Brake Drum Construction
The brake drums on steel-wheeled cars are integral with the front and rear hub assemblies, a single casting carrying both the wheel mounting studs and the brake-friction surface. On wire-wheeled cars, the drums are non-integral: a separate drum bolts to the splined hub via twelve drum-retaining studs and lock tabs. The change from integral to non-integral was introduced when wire wheels became available, wire-wheeled cars were always supplied with the separate drum arrangement. Brake drums were factory-finished in black and remained that colour even where the rest of the chassis was being repainted.

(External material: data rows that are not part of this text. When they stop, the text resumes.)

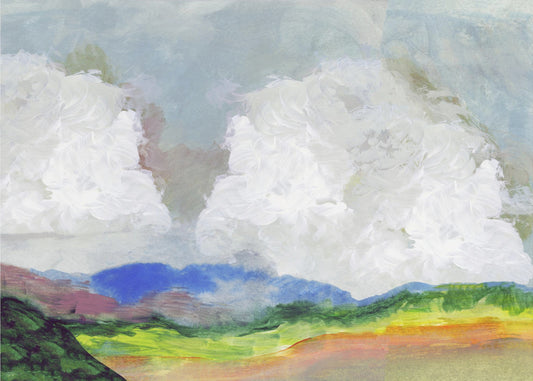 Große Wolkenlandschaft 2 | Leinwand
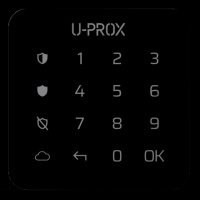 U-Prox Keypad G1 Black Беспроводная сенсорная клавиатура для одной группы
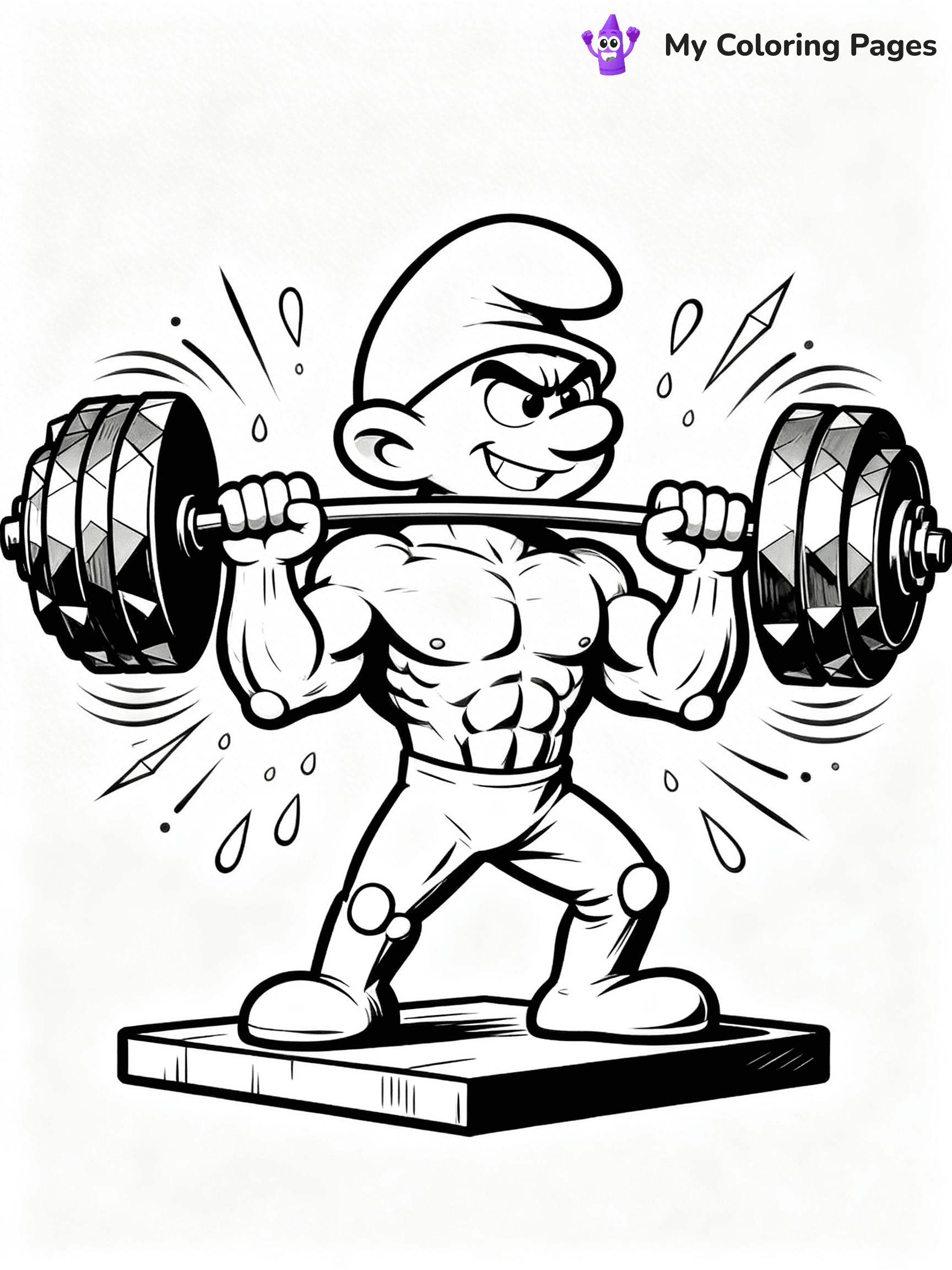 Smurf Coloring Pages - 23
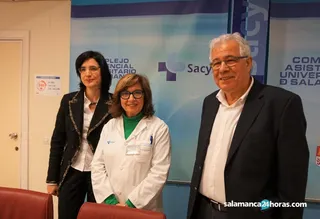 Cristina Granados, Isabel Antolín y José Luis Martín donación sangre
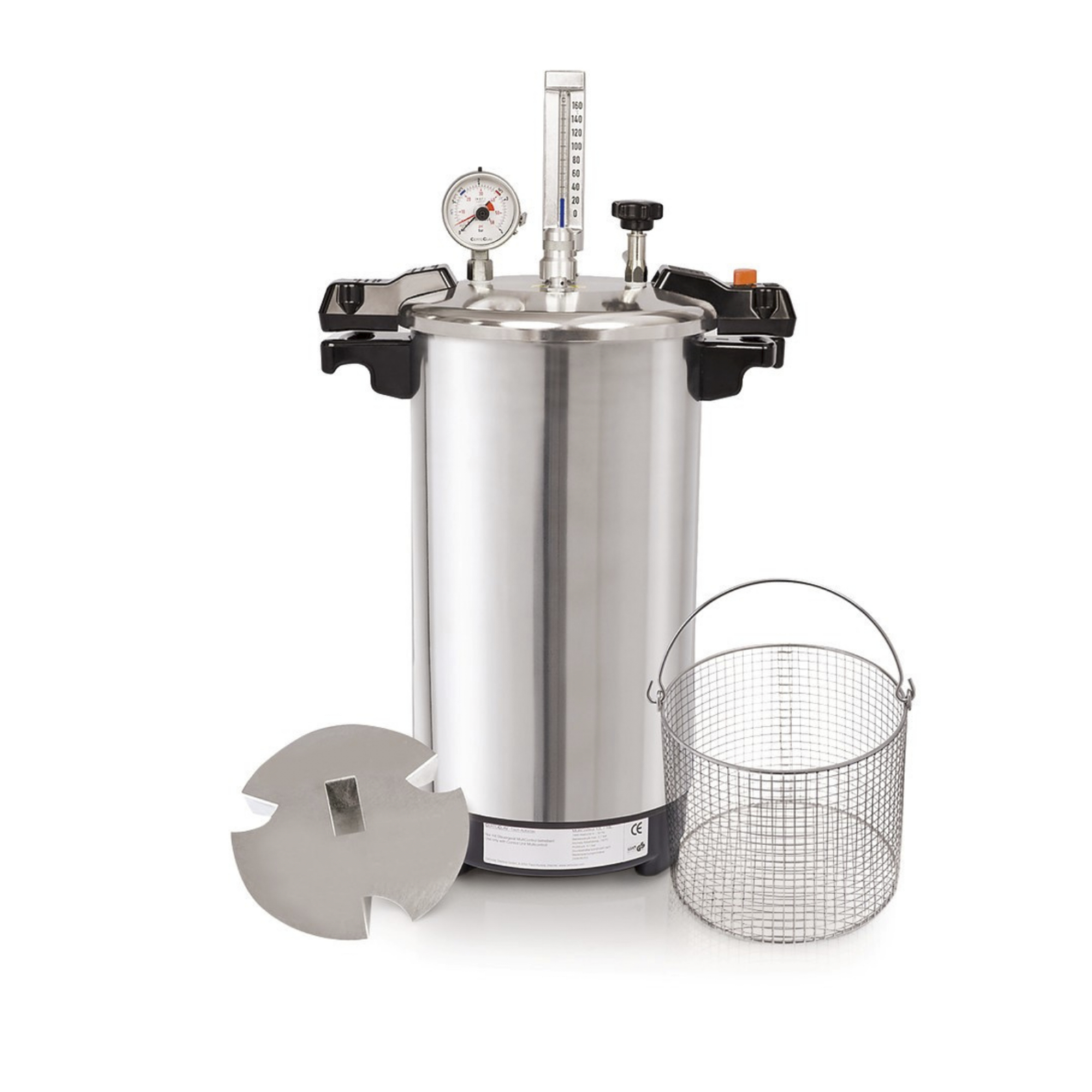 Benchtop steam steriliser CertoClav, EL 12L, 125/140°C with 1.4/...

The four steel-wheel front hub specifications described under Stub Axles & Hubs apply to the front brake drums; the BSF/Unified split at chassis 12285 applies to the rear hub and integral brake drum arrangement.
Production Changes
The brake system carried through the TD and TF production with relatively few changes. Brake shoe steady springs were not fitted to the very earliest TDs and were added during production to improve shoe stability. The wheel-stud thread change from BSF to Unified at chassis 12285 affected the wheel-stud arrangement on the integral steel-wheel brake drums and on the wire-wheel brake drum's wheel-stud equivalent. The brake pipe kit and the number of brake pipe clips required vary between TD, TF, TF LHD, and the TD Mark II, the Mark II requires the most clips, reflecting its slightly different routing.

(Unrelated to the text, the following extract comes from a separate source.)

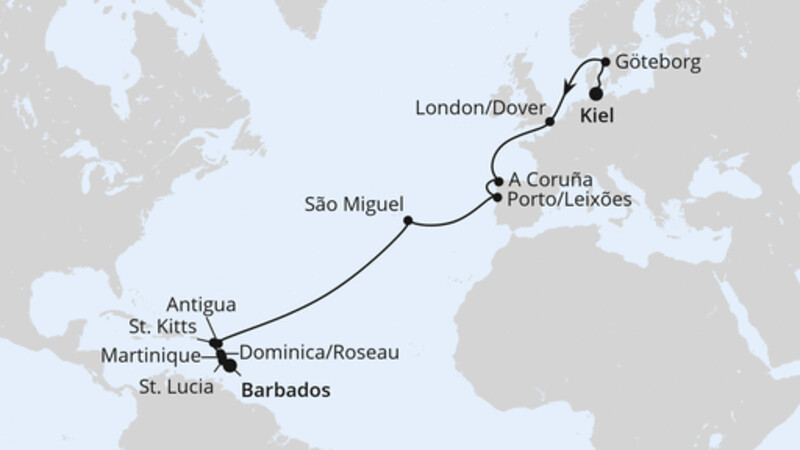 Von Kiel nach Barbados Von Kiel nach Barbados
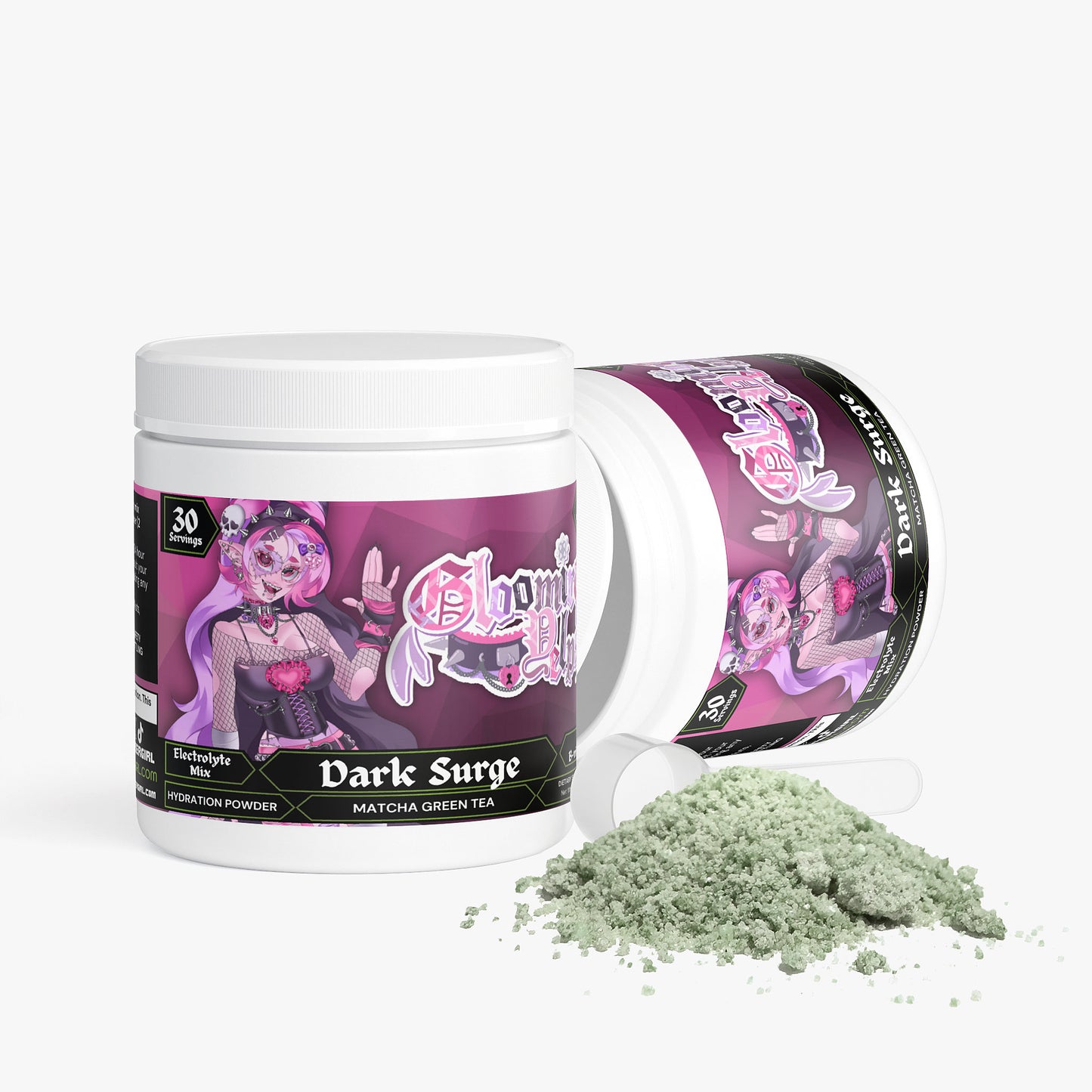 Gloomira Yelps - Dark Surge Hydration Powder (Matcha Green Tea)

Brake Fluid and Bleeding Equipment
Brake fluid is available in standard DOT 4 (Castrol Response), Super DOT 4 (covering DOT 4 and DOT 5.1 specifications, suited to high-performance use), and SRF competition fluid for extreme conditions. Silicone brake fluid is available as a non-hygroscopic alternative, it does not absorb moisture and does not strip paint, although it has different compressibility characteristics that some owners notice in pedal feel. A Gunson Eezibleed automatic bleeding kit simplifies the hydraulic bleeding process for one-person operation. Castrol brake cleaner aerosol is a fast-drying, low-odour solvent compatible with both metal and non-metallic brake parts, useful for cleaning components during overhaul.
Ordering Considerations
The chassis number determines the BSF or Unified thread for wheel studs and integral hub-and-drum specifications. The wheel type, steel or wire, determines whether the brake drum is integral with the hub (steel wheel) or a separate component (wire wheel). The brake pipe kit is specific to drive side (LHD or RHD) and to TD Mark II versus standard cars, with the corresponding pipe clip quantities varying accordingly. Master cylinder, wheel cylinders, brake shoes, hoses, and most other components are common between TD and TF.